__Problem requirements__
Word for word, restate the records that come next, omitting the images.

Listed entries Block Start

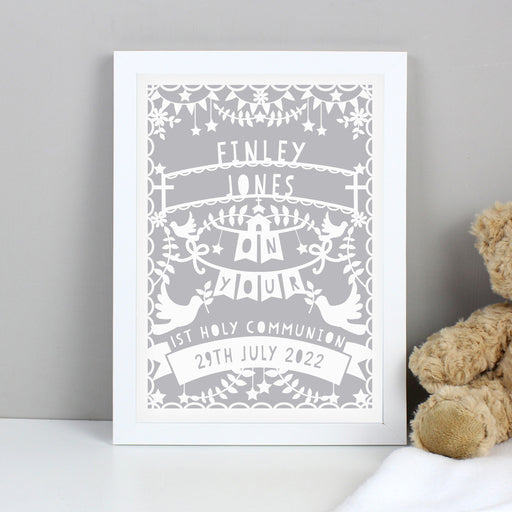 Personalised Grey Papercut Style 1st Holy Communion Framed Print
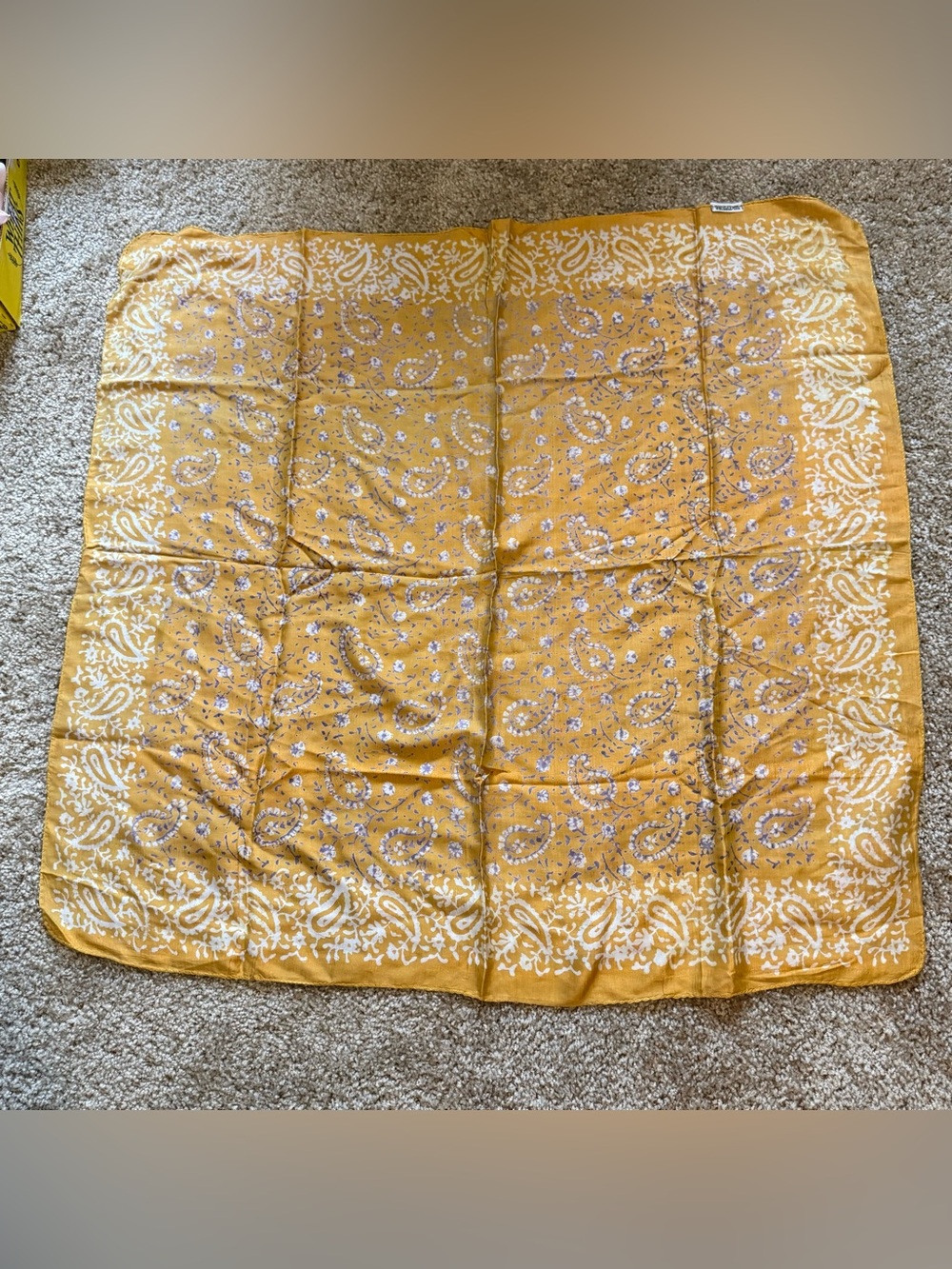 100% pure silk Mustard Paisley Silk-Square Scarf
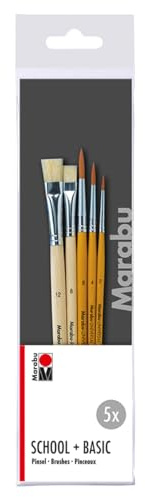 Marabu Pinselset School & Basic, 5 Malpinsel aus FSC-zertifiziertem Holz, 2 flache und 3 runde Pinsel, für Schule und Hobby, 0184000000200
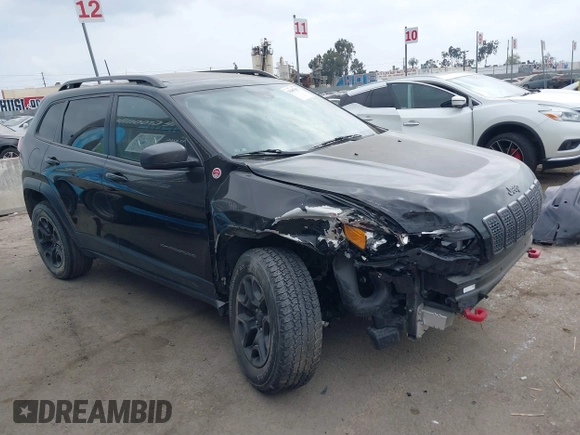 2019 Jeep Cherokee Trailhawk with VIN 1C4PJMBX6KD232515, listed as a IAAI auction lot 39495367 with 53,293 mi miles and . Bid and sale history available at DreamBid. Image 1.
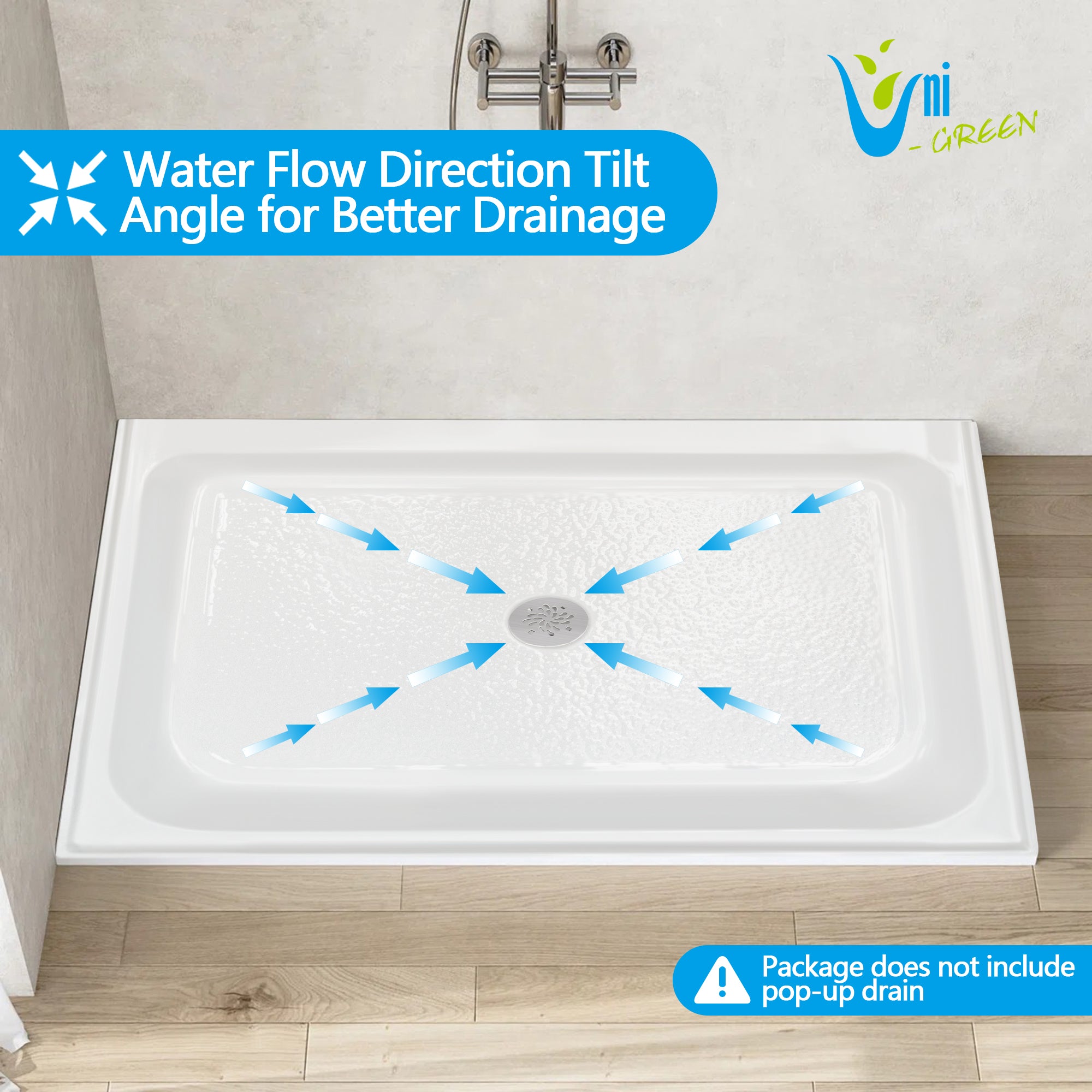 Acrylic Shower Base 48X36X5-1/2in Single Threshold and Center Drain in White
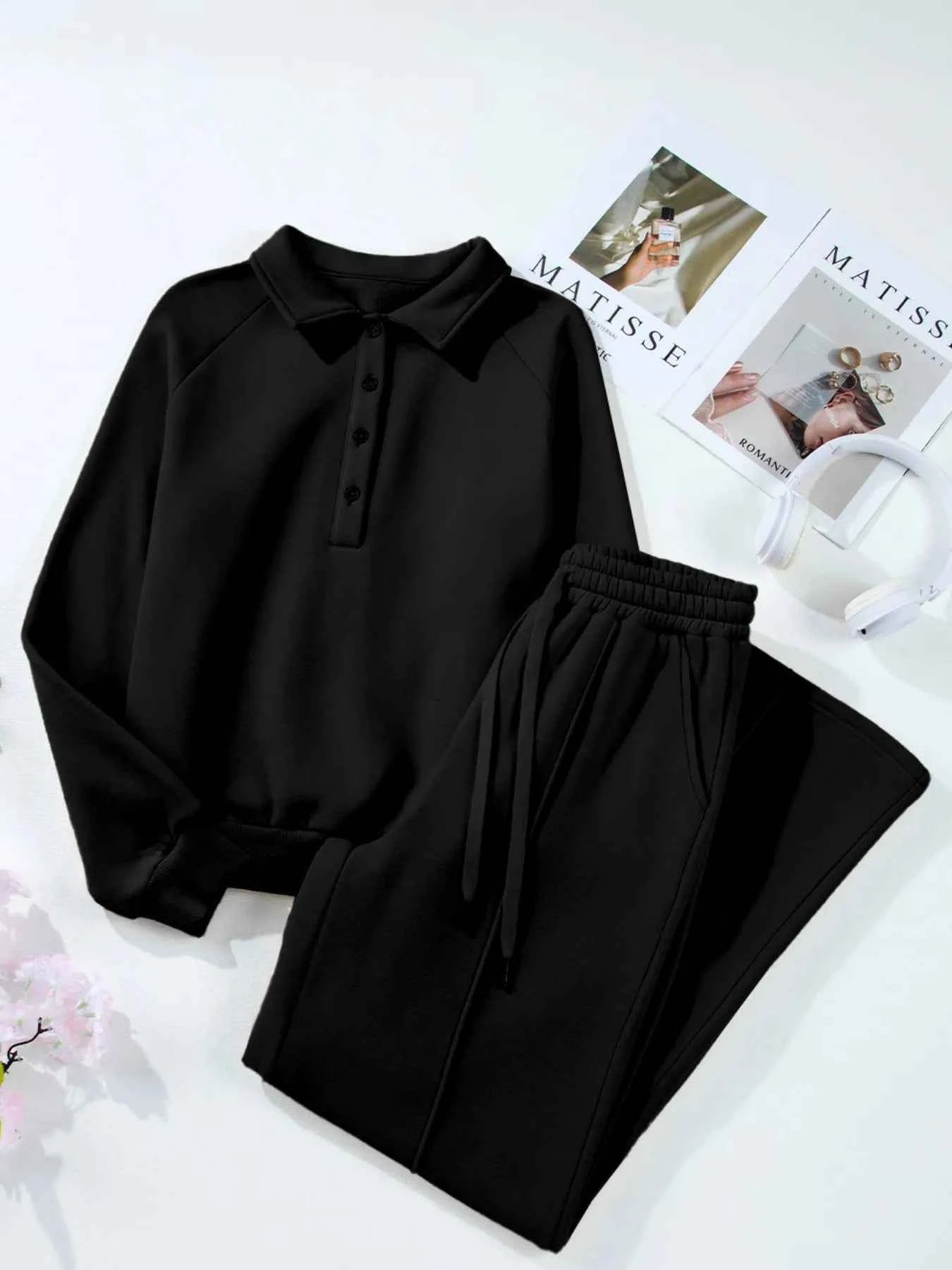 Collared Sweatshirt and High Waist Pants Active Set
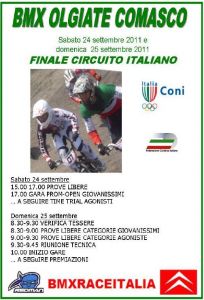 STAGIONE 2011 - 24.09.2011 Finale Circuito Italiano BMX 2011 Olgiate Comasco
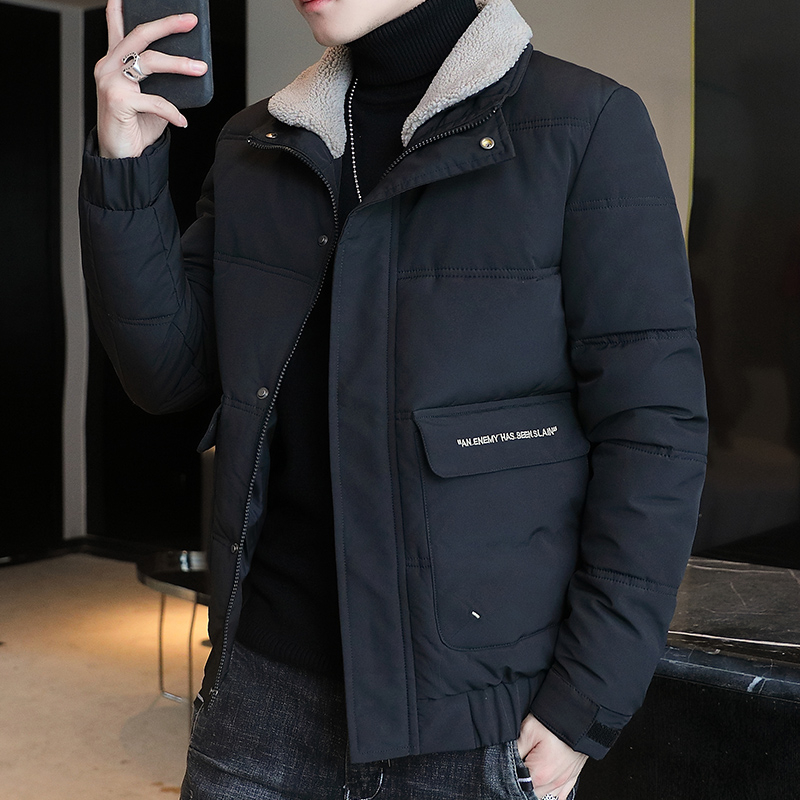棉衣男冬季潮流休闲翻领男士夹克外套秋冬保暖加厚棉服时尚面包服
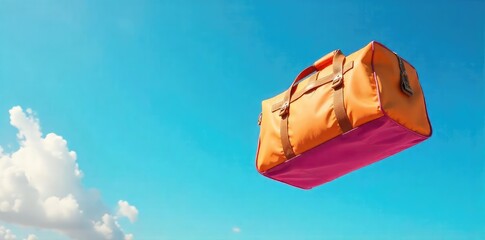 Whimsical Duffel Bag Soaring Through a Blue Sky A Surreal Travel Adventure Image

Listed entries Block End

__Your solution__
 Personalised Grey Papercut Style 1st Holy Communion Framed Print
 100% pure silk Mustard Paisley Silk-Square Scarf
 Marabu Pinselset School & Basic, 5 Malpinsel aus FSC-zertifiziertem Holz, 2 flache und 3 runde Pinsel, für Schule und Hobby, 0184000000200
 2019 Jeep Cherokee Trailhawk with VIN 1C4PJMBX6KD232515, listed as a IAAI auction lot 39495367 with 53,293 mi miles and . Bid and sale history available at DreamBid. Image 1.
 Acrylic Shower Base 48X36X5-1/2in Single Threshold and Center Drain in White
 Collared Sweatshirt and High Waist Pants Active Set
 STAGIONE 2011 - 24.09.2011 Finale Circuito Italiano BMX 2011 Olgiate Comasco
棉衣男冬季潮流休闲翻领男士夹克外套秋冬保暖加厚棉服时尚面包服
 Whimsical Duffel Bag Soaring Through a Blue Sky A Surreal Travel Adventure Image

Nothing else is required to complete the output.